I believe that top 1% at FSU or UF would be favored by a large NYC firm overt top 50% at the NY schools you mention. For mid-sized and smaller firms, the NY law schools may have an advantage, in that students have closer proximity and can clerk during the year, but I believe that is a small advantage given the price you will pay over three years. I am confident that with an FSU or UF degree you will get a job if you are a good student and take initiative, but it may not be as easy if you are going for NYC instead of closder markets in Florida or Atlanta.
I am not sure that going to Miami is the answer if you wish to work in NYC. Miami may have more graduates in the NYC area, but basing a decision on placement statistics alone can be misleading. Many of the students at Mianmi are from the Northeast, so it does not surprise me that Miami's NE placement rack record is better, but I suspect that is driven by supply rather than demand. I thought your question was what firms would be more likely to hire graduates of a school, not which law school's graduates would be most likely to move back to NYC!

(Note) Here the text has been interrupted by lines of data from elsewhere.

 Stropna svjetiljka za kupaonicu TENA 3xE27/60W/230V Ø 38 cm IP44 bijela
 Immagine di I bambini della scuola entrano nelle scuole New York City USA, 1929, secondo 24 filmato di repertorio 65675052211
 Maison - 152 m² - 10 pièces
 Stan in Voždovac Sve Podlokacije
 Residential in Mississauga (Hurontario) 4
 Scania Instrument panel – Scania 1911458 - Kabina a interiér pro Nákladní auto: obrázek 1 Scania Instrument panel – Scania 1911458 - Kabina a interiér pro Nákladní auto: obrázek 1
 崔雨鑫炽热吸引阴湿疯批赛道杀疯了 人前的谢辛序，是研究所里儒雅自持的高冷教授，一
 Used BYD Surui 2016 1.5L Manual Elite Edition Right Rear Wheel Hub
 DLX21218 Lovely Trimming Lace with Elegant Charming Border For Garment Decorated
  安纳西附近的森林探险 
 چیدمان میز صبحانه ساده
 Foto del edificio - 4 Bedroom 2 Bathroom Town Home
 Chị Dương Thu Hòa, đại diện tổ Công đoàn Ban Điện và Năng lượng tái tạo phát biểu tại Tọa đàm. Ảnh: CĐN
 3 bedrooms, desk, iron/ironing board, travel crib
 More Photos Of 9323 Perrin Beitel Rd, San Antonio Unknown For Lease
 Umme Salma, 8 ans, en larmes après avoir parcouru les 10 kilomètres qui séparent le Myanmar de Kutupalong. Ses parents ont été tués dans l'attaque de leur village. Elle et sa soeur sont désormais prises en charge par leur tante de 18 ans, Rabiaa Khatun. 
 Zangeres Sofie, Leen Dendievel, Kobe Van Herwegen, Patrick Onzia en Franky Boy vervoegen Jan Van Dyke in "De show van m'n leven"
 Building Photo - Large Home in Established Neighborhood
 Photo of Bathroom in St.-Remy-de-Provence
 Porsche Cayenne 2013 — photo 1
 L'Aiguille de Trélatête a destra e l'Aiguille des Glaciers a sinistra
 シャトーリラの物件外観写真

Also, to elaborate on my earlier post, while I do not think that FSU -- as a general undergraduate institution -- is as quite strong as UF (and as an alumnus of FSU this disappoints me), I do not think that FSU's lower rank as an undergraduate school (111 in the recent U.S. News, even though the law school ranks 56) should influence your choice about law school. I would note two things. First, UF's undergraduate institution also lags behind its law school in national rankings. Second, the network advantage of UF is frequently WAY overstated. I understand that UF has more grdauates each year and has gbeen around longer, so it have a much bigger network -- it does not take a NASA rocker scientist to see this. Again, do not confuse past supply with future demand. A lot of Nova and Stetson graduates staff law firms in S Florida, but I would recommend FSU over Nova and Stetson any day. Placed in perspective UF's network is not at all impressive when compared to a school like Texas or UNC and FSU's network is increasingly impressive in all of the same ways that UF's is (just not as big). In my opinion, as long as there are enough network contacts to have the door cracked open for consideration, a strong placement network alone is not going to make your career.
What WILL make your career is your initiative, ability, performance, and follow through. This is about your future, and you should think of your decision about which law school to attend as making an investment in a school -- it is not about any institution's past, but about anticipating a trend 5-10 years out -- specifically, what the learning and degree you receive from that school can do for you in the future? In that sense, you are asking precisely the right question in asking where these schools will be 5 years from now.